== Task brief ==
In your copy, reproduce each entry exactly and leave out the pictures.

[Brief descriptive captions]
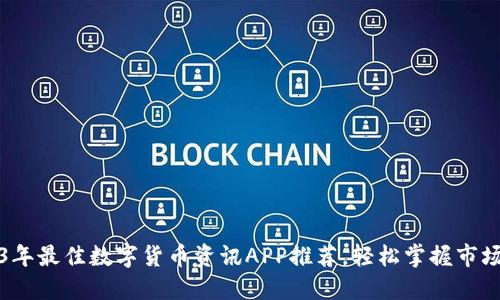 2023年最佳数字货币资讯APP推荐，轻松掌握市场动态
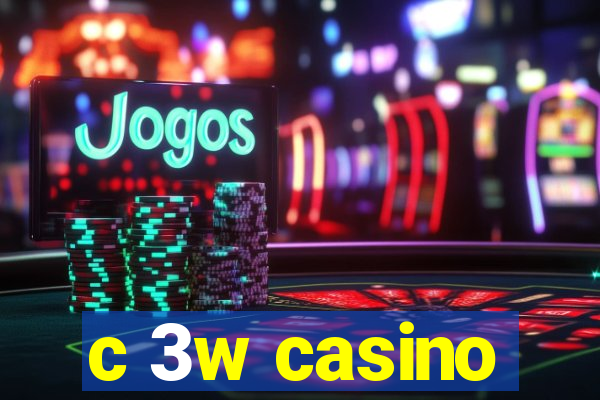 c 3w casino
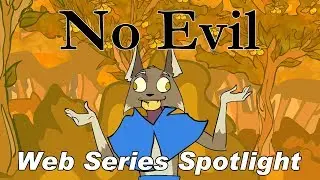 Web Series Spotlight: No Evil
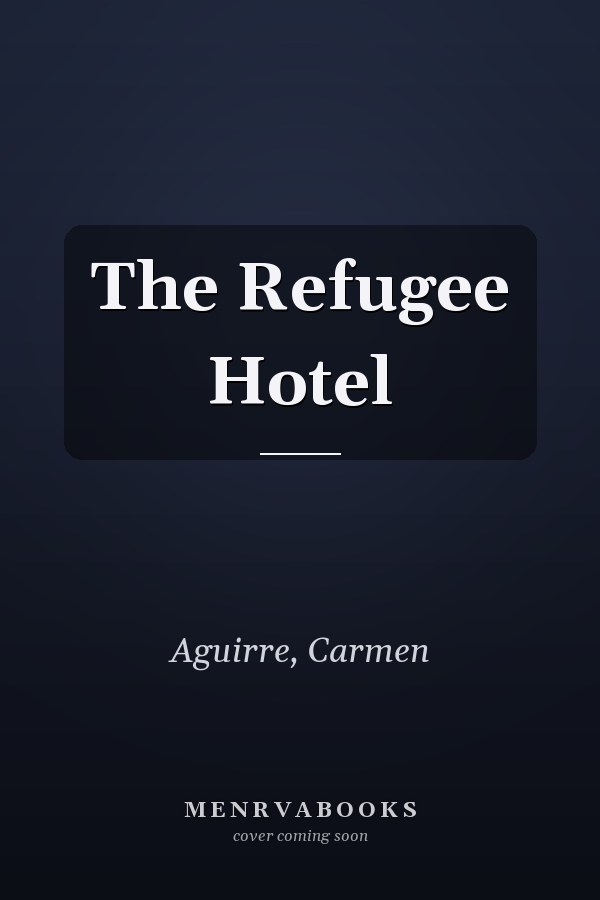 The Refugee Hotel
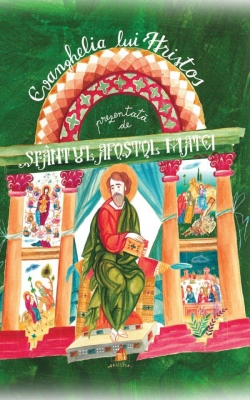 Evanghelia lui Hristos prezentată de Sfântul Apostol Matei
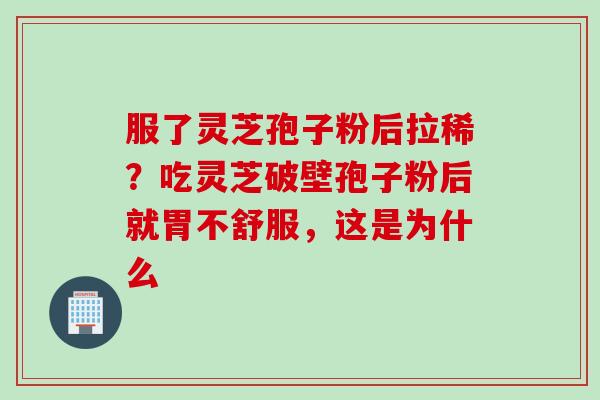 服了灵芝孢子粉后拉稀？吃灵芝破壁孢子粉后就胃不舒服，这是为什么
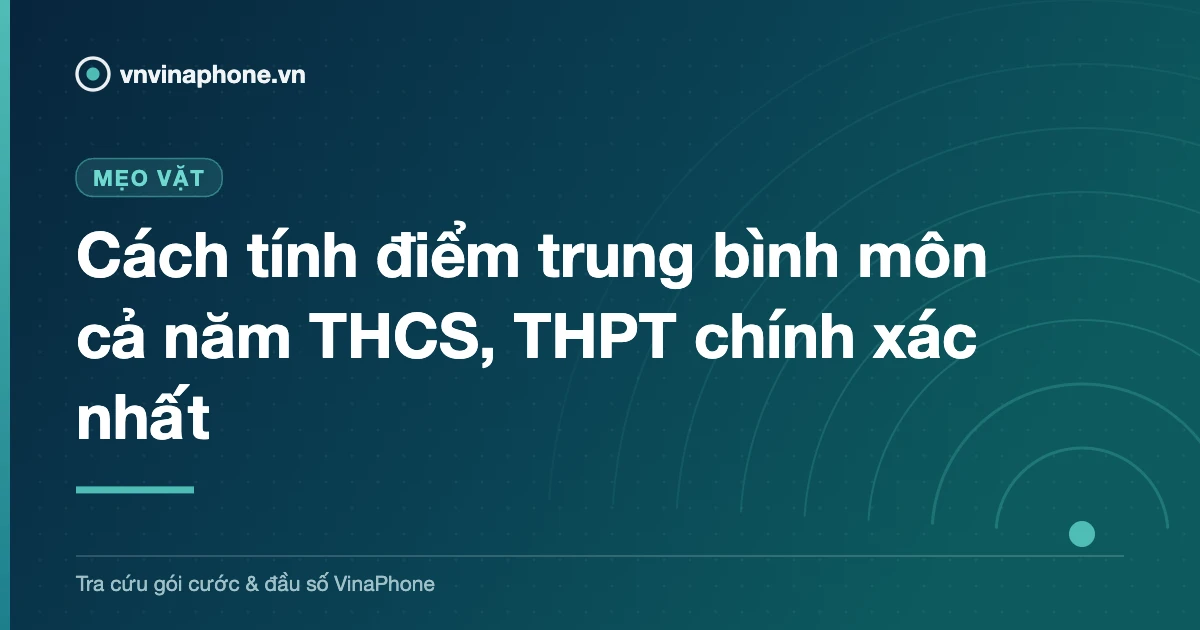 Cách tính điểm trung bình môn cả năm THCS, THPT chính xác nhất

== Expected output ==
 2023年最佳数字货币资讯APP推荐，轻松掌握市场动态
 c 3w casino
 Web Series Spotlight: No Evil
 The Refugee Hotel
 Evanghelia lui Hristos prezentată de Sfântul Apostol Matei
 服了灵芝孢子粉后拉稀？吃灵芝破壁孢子粉后就胃不舒服，这是为什么
 Cách tính điểm trung bình môn cả năm THCS, THPT chính xác nhất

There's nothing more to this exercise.